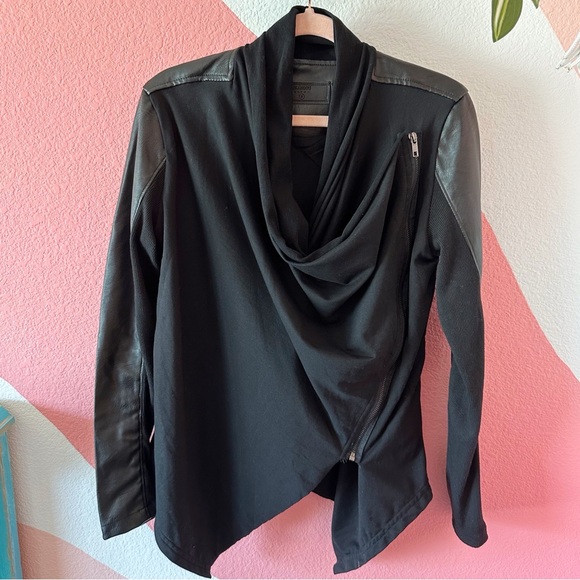 Blank NYC Drape Front Jacket Open Waterfall Faux Leather Knit Moto S - Picture 5 of 10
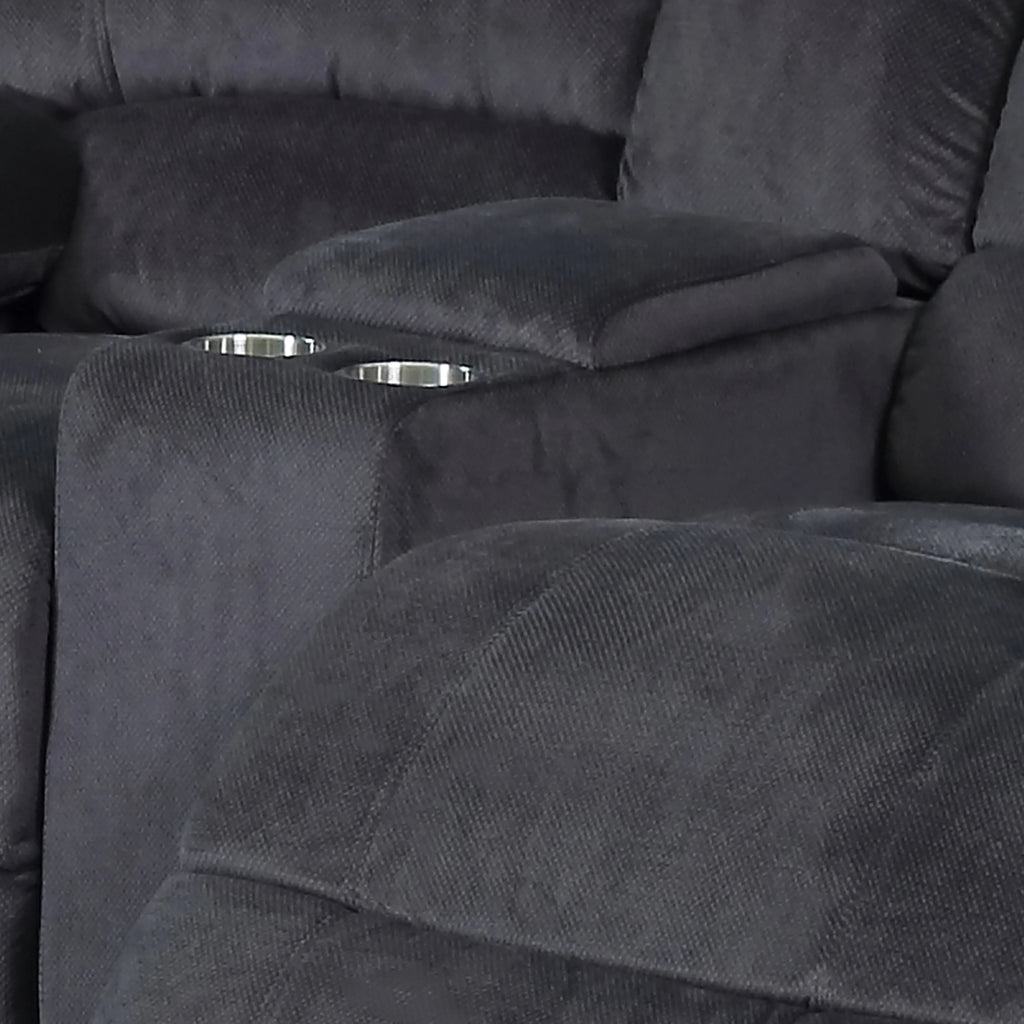 Grey Reclining Love Seat with Console C853
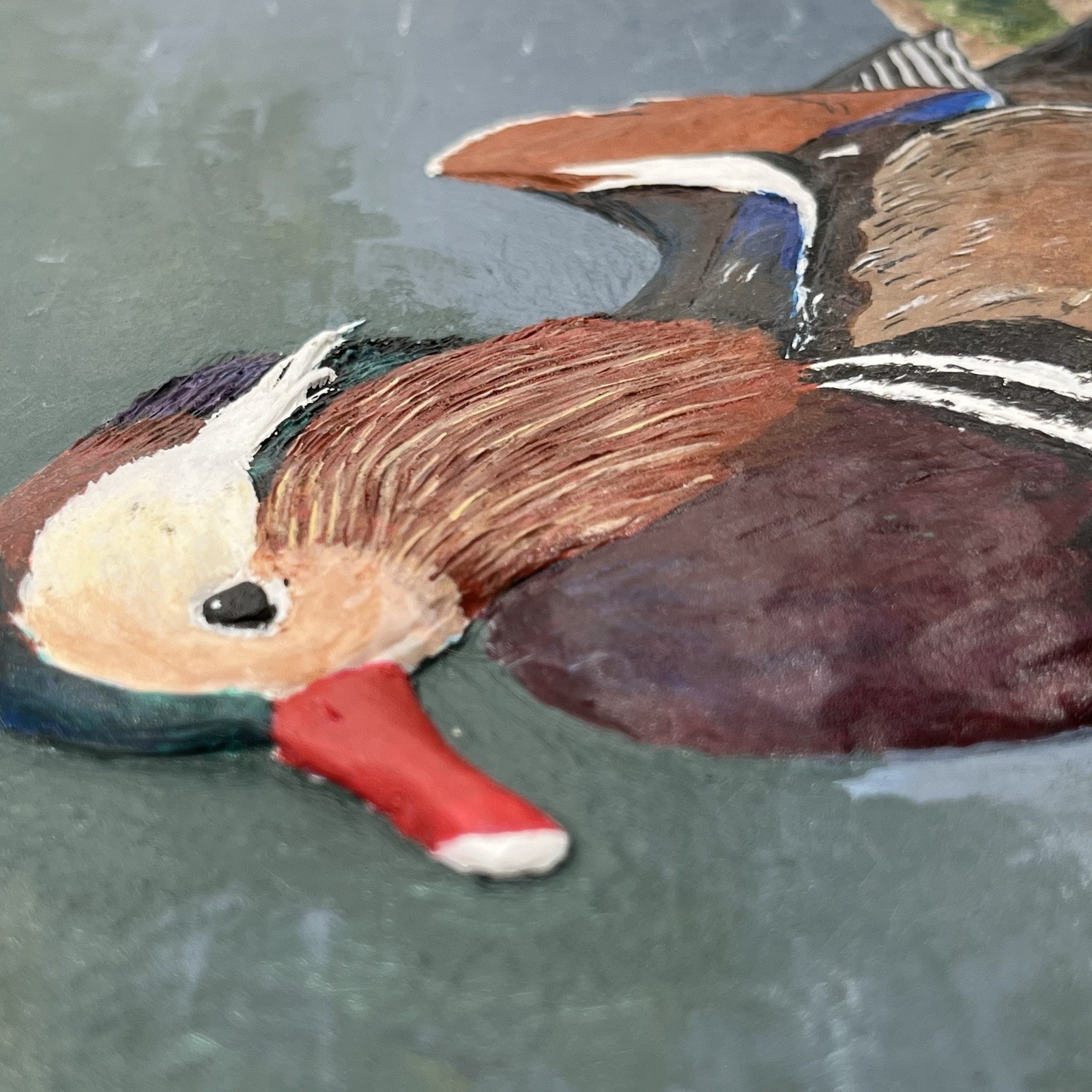 Original & Signed Mandarin Duck 3D Mixed Media Painting 16×20” By Barbara Weber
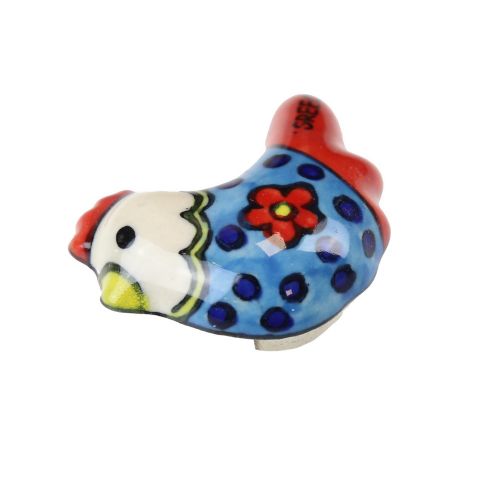 Μαγνητάκι κεραμικό Κόκορας 5x3,5εκ. - Μπλε Σιέλ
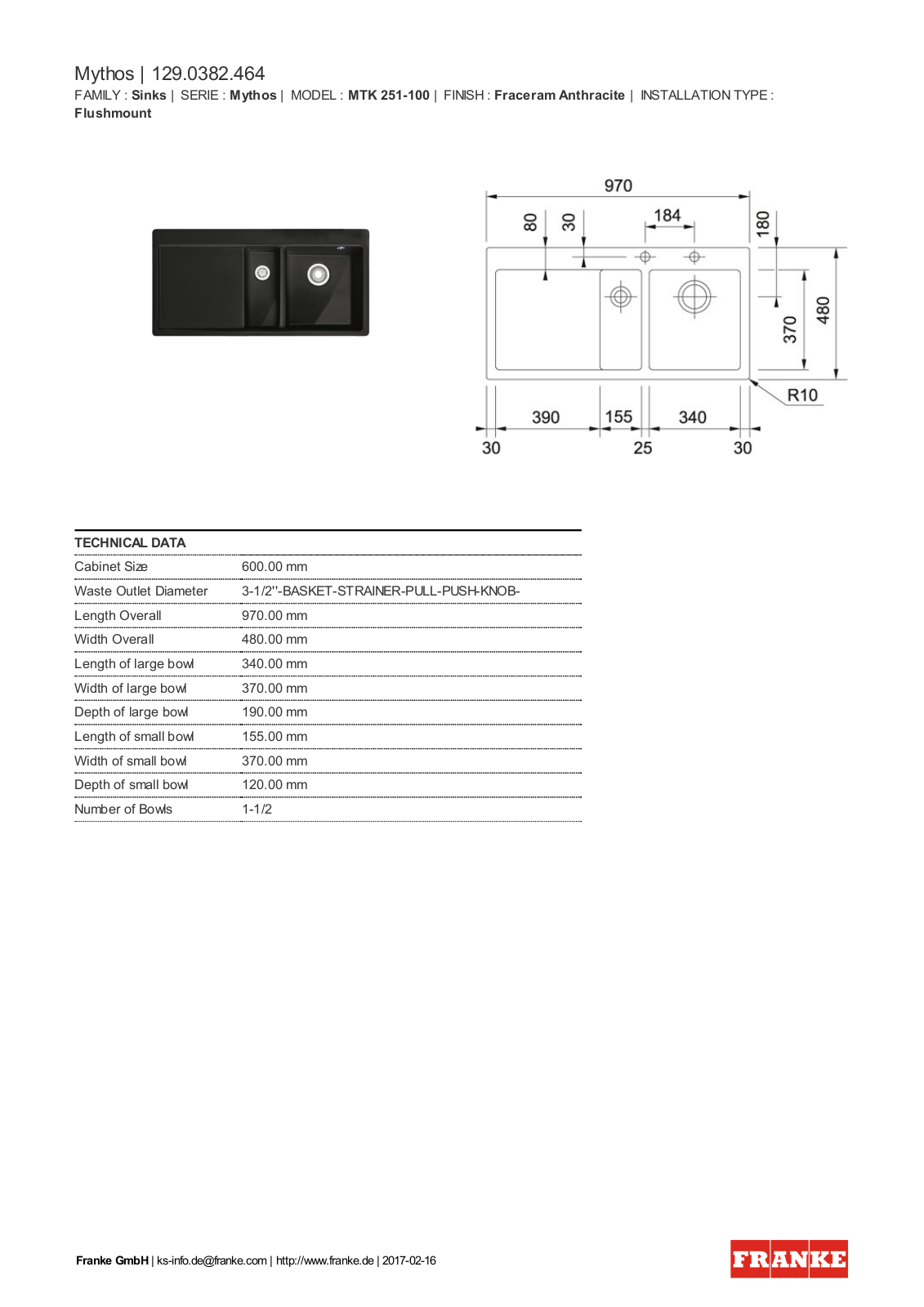 Franke 129.0382.464 Service Manual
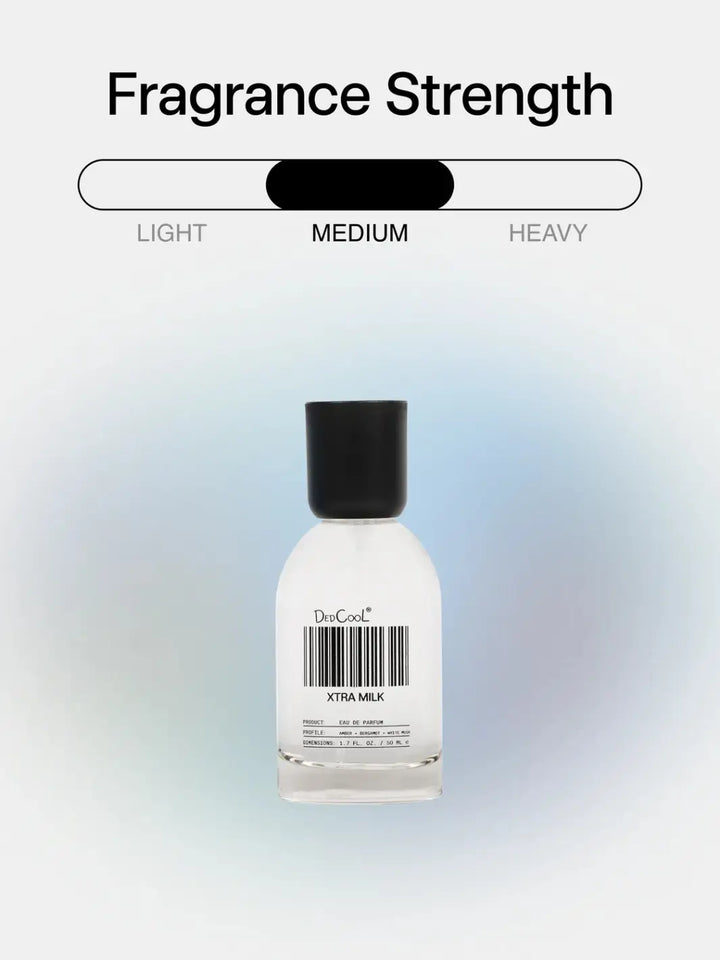 A full size 50ml bottle of Dedcool Xtra Milk Fragrance against a soft blue gradient backdrop beneath a graphic indicating a "Medium" fragrance strength | Twentyseven Toronto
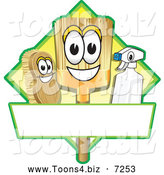 Vector Illustration of a Happy Broom Scrub Brush and Spray Bottle Mascot Characters on a Yellow Cleaning Sign or Logo by Mascot Junction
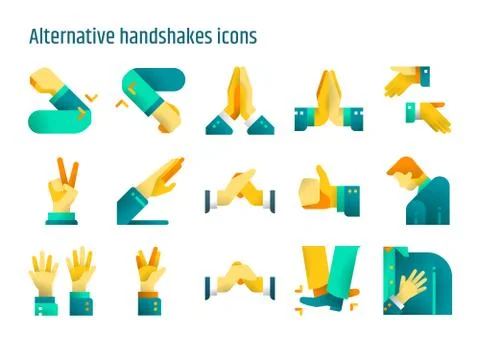 Alternative handshakes flat icons vector set. Stockillustratie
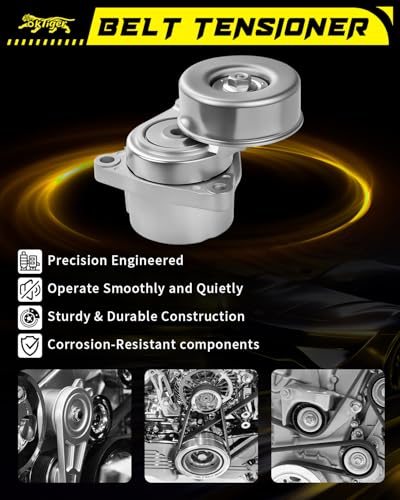 Oktiger 38284 Belt Tensioner Assembly with Pulley Fit for Nissan Altima base 2002-2004 2006-2013 s 2002-2013 sl 2002-2006 2010-2013 sv, Rogue s 2008-2014 sl 2008-2010 sv 2011-2014, 2.5L, OE 11955JA00A - size: 38284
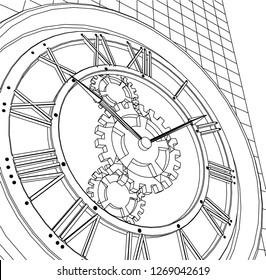 clock, sketch, 3d illustration
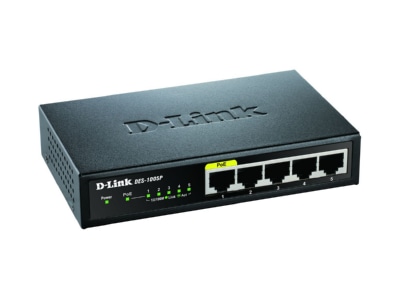Produktbild Ansicht Links DLink DES 1005P E 5 Port Layer2 Switch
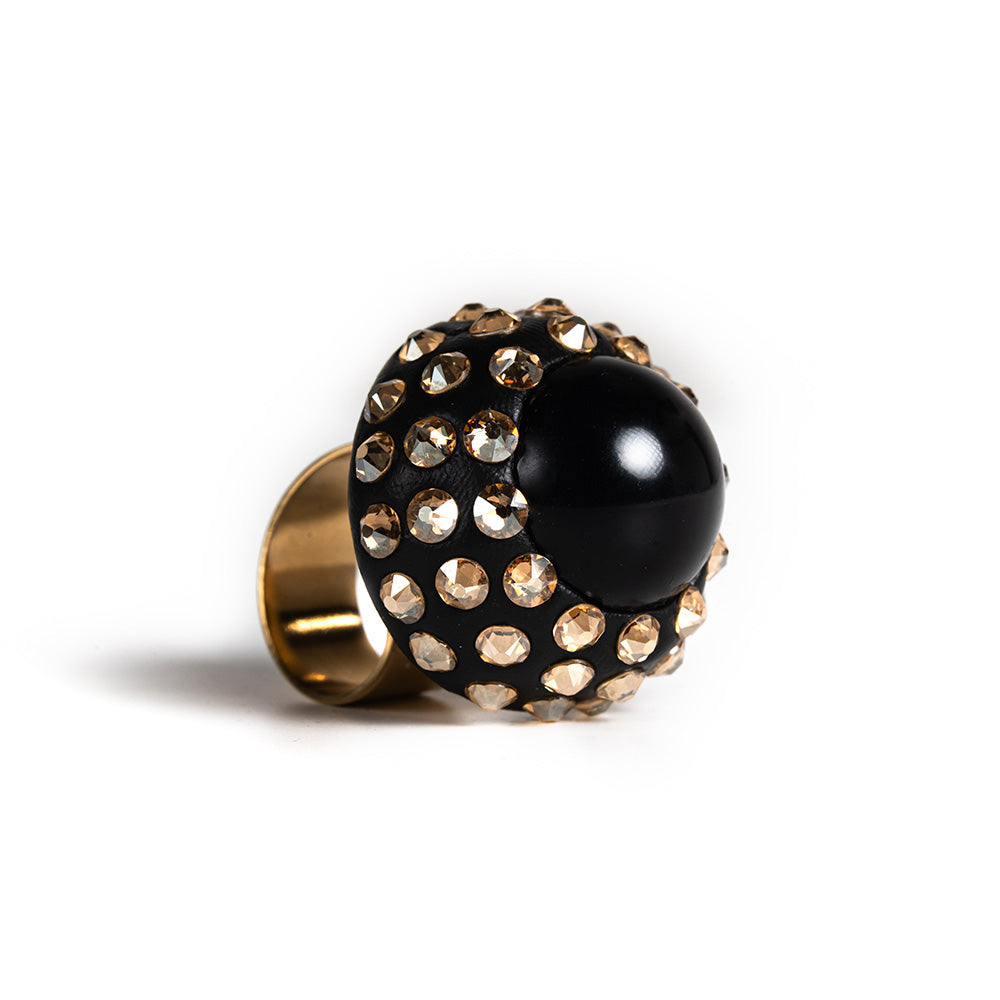ANELLO REGOLABILE FASCIA SFERA E ZIRCONI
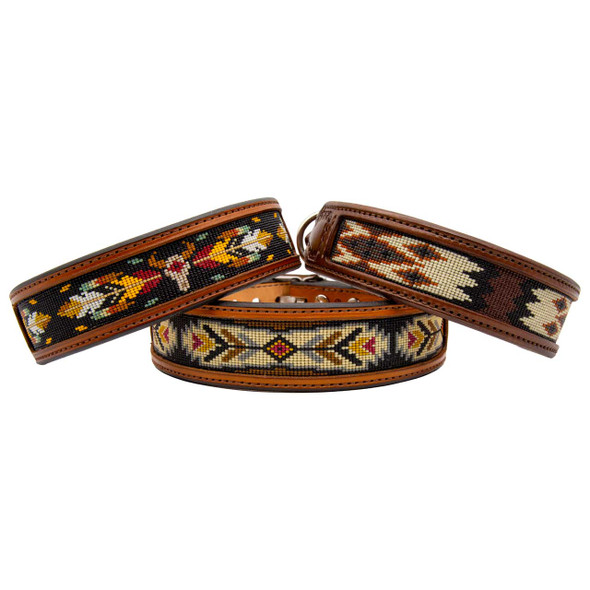 Hermann Oak Leather Southwest Beaded Dog Collar Designs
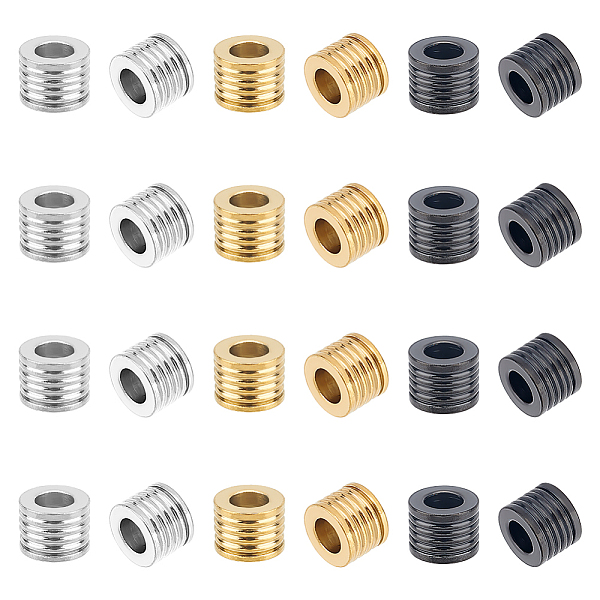 

PandaHall UNICRAFTALE 24pcs 3 Colors Column Spacer Beads Beads 4mm Inner Stainless Steel Grooved Tube Beads Large Hole Beads for Bracelet...
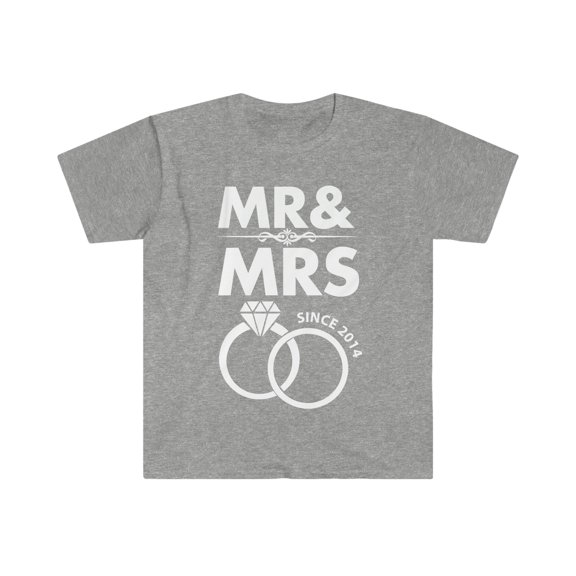 Mr and Mrs Since 2014 Wedding Anniversary Unisex T-shirt S-3XL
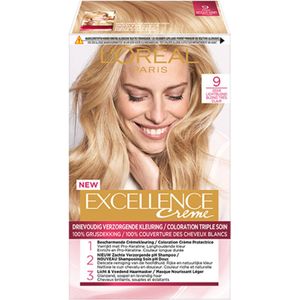 L'Oréal - Excellence Crème - Permanente Crèmekleuring - 9 Zeer Licht Blond - 2 x Voordeelverpakking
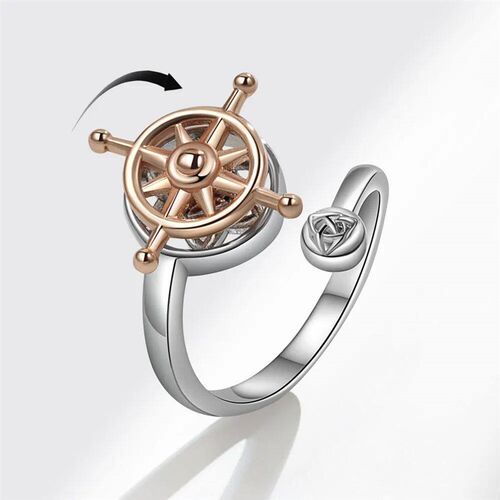 Rudder Anxiety Fidget Stainless Steel Rings for Women Ringe
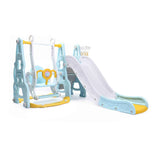 4‑in‑1 Toddler Playground Set – Swing, Slide, Climber & Basketball Hoop Indoor/Outdoor Playset (Blue)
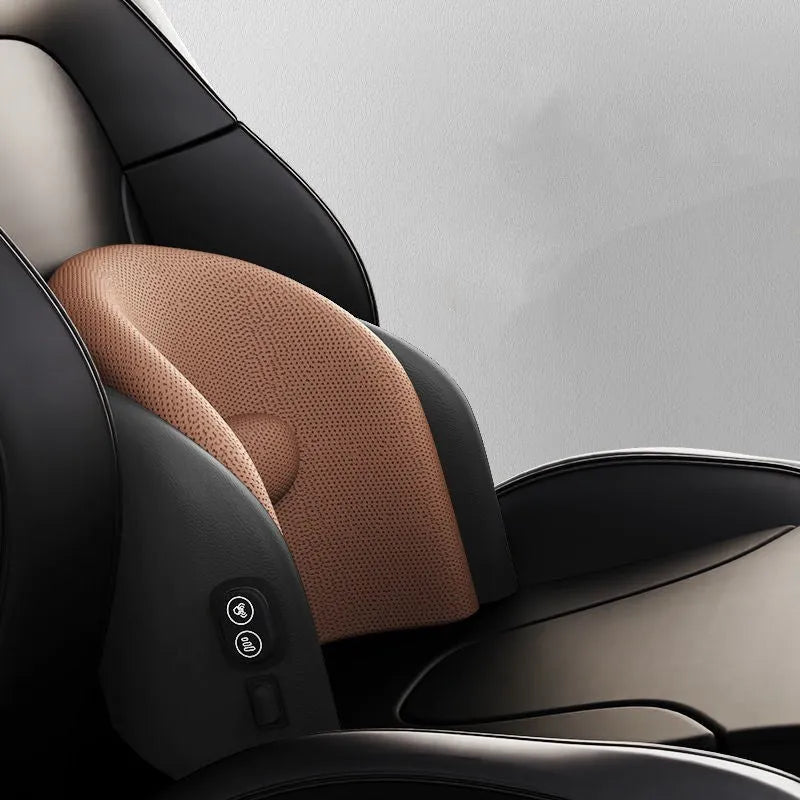 Classic black memory cotton car massage cushion shown as a headrest and lumbar support on a car seat.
##############################
* [TASK DIRECTIONS]
Everything in the listing except the pictures must come back exactly as written.

* [RESULT OF THE EXERCISE]
 Blank NYC Drape Front Jacket Open Waterfall Faux Leather Knit Moto S - Picture 5 of 10
 Grey Reclining Love Seat with Console C853
 Original & Signed Mandarin Duck 3D Mixed Media Painting 16×20” By Barbara Weber
 Μαγνητάκι κεραμικό Κόκορας 5x3,5εκ. - Μπλε Σιέλ
 Franke 129.0382.464 Service Manual
 A full size 50ml bottle of Dedcool Xtra Milk Fragrance against a soft blue gradient backdrop beneath a graphic indicating a "Medium" fragrance strength | Twentyseven Toronto
 Vector Illustration of a Happy Broom Scrub Brush and Spray Bottle Mascot Characters on a Yellow Cleaning Sign or Logo by Mascot Junction
 Alternative handshakes flat icons vector set. Stockillustratie
 Oktiger 38284 Belt Tensioner Assembly with Pulley Fit for Nissan Altima base 2002-2004 2006-2013 s 2002-2013 sl 2002-2006 2010-2013 sv, Rogue s 2008-2014 sl 2008-2010 sv 2011-2014, 2.5L, OE 11955JA00A - size: 38284
 clock, sketch, 3d illustration
Produktbild Ansicht Links DLink DES 1005P E 5 Port Layer2 Switch
ANELLO REGOLABILE FASCIA SFERA E ZIRCONI
 Hermann Oak Leather Southwest Beaded Dog Collar Designs

PandaHall UNICRAFTALE 24pcs 3 Colors Column Spacer Beads Beads 4mm Inner Stainless Steel Grooved Tube Beads Large Hole Beads for Bracelet...
 Mr and Mrs Since 2014 Wedding Anniversary Unisex T-shirt S-3XL
 L'Oréal - Excellence Crème - Permanente Crèmekleuring - 9 Zeer Licht Blond - 2 x Voordeelverpakking
 Rudder Anxiety Fidget Stainless Steel Rings for Women Ringe
 4‑in‑1 Toddler Playground Set – Swing, Slide, Climber & Basketball Hoop Indoor/Outdoor Playset (Blue)
 Classic black memory cotton car massage cushion shown as a headrest and lumbar support on a car seat.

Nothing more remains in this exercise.